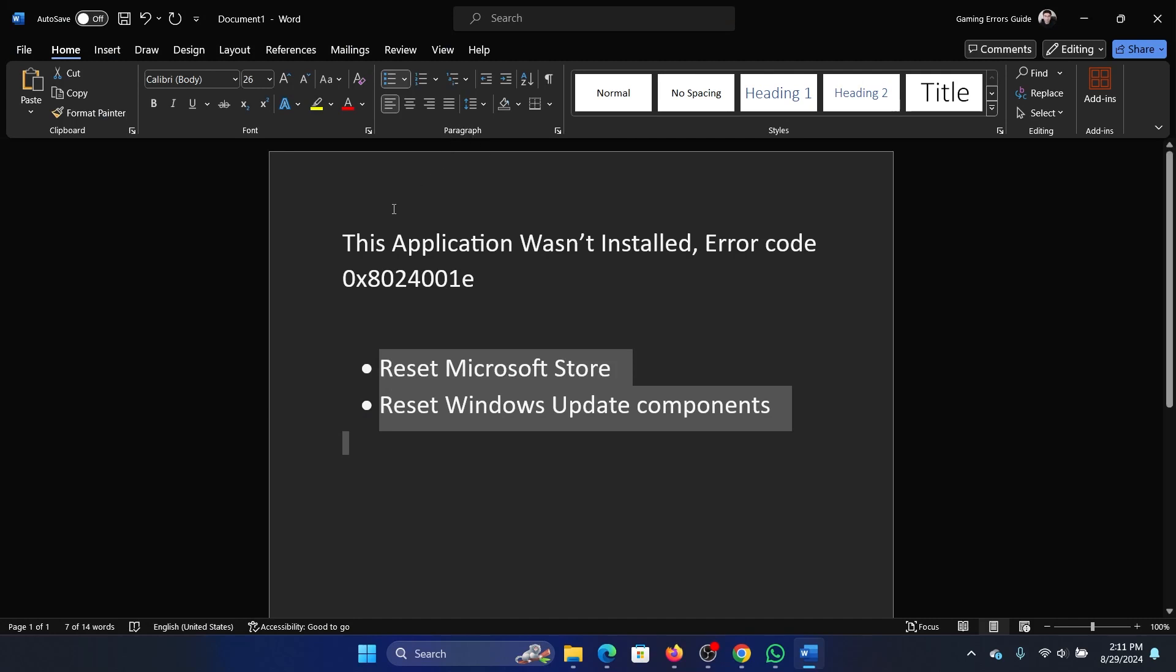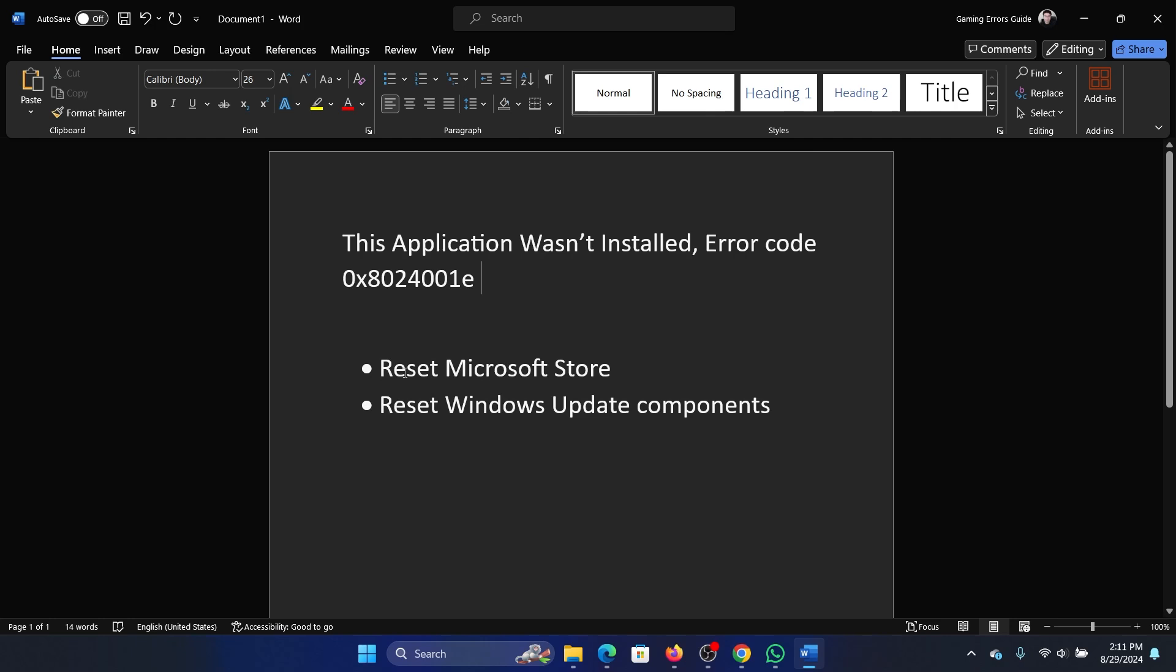Hey friends, if you encounter the error 'This application wasn't installed' error code 0x8024001e, then please watch this video. I will guide you to the resolutions.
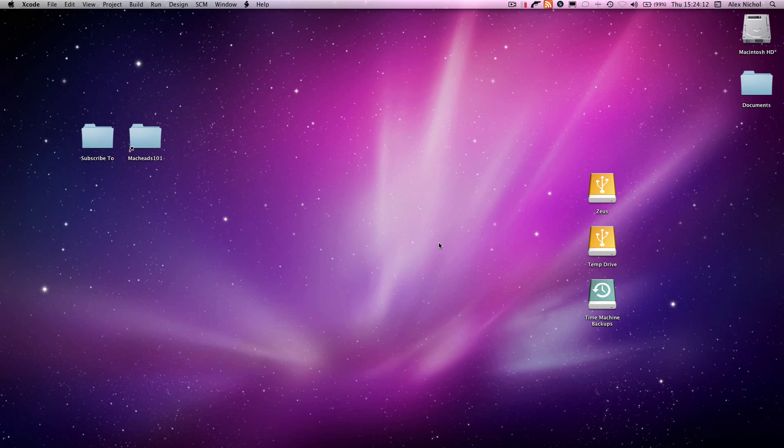Hey guys, this is MacHeads101 with our 13th iPhone programming tutorial. In this video, I'm going to be showing you how to make an app that has a grid of images. When you click an image, it'll get big, and when you click it again, it'll go back to normal size.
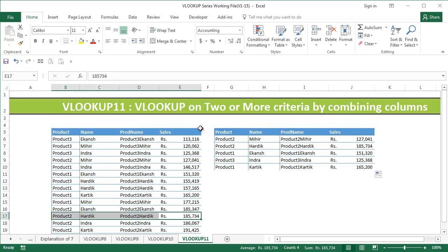This is how you combine two columns and use them in VLOOKUP. If you are in a situation where you have two columns which are not unique but can be combined to get a unique ID combine them and then use VLOOKUP on them.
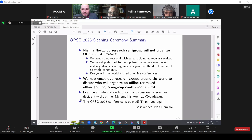Now, I'm happy to say that the OPSO 2023 conference is now opened. Thank you again for coming. I'm finishing my talk. And it is my pleasure to announce the next speaker, Professor.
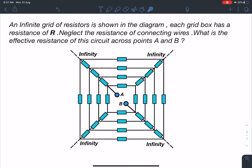Hello everyone, welcome to my channel Indian School of Physics, this is Nitin here. Today I come up with another very amazing problem based on infinite circuits. This problem was given to me by one of my students. Here it is: an infinite grid of resistors is shown in the diagram. Each grid box has a resistance of R; neglect the resistance of connecting wires. What is the effective resistance of this circuit across points A and B?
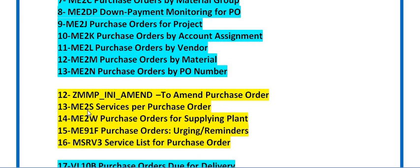ME2S is services per purchase order — if you have planned some services in a purchase order, you can get the details of those services using ME2S. ME2W gives purchase orders by supplying plant — if you have the supplying plant data, you can get the list of related purchase orders.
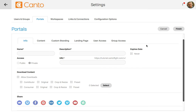Let's start off by giving our portal a name. I'll call this one surf photos. It also helps to add a description, especially if you're going to create many portals. I'll go ahead and add this description: surf images for publication.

——————

WORK REQUEST: With pictures left out, repeat exactly the lines from the line bearing "Hey guys, this" through the final line of the records above.

RESULT:
Hey guys, this is MacHeads101 with our 13th iPhone programming tutorial. In this video, I'm going to be showing you how to make an app that has a grid of images. When you click an image, it'll get big, and when you click it again, it'll go back to normal size.
This is how you combine two columns and use them in VLOOKUP. If you are in a situation where you have two columns which are not unique but can be combined to get a unique ID combine them and then use VLOOKUP on them.
Now, I'm happy to say that the OPSO 2023 conference is now opened. Thank you again for coming. I'm finishing my talk. And it is my pleasure to announce the next speaker, Professor.
Hello everyone, welcome to my channel Indian School of Physics, this is Nitin here. Today I come up with another very amazing problem based on infinite circuits. This problem was given to me by one of my students. Here it is: an infinite grid of resistors is shown in the diagram. Each grid box has a resistance of R; neglect the resistance of connecting wires. What is the effective resistance of this circuit across points A and B?
ME2S is services per purchase order — if you have planned some services in a purchase order, you can get the details of those services using ME2S. ME2W gives purchase orders by supplying plant — if you have the supplying plant data, you can get the list of related purchase orders.
Let's start off by giving our portal a name. I'll call this one surf photos. It also helps to add a description, especially if you're going to create many portals. I'll go ahead and add this description: surf images for publication.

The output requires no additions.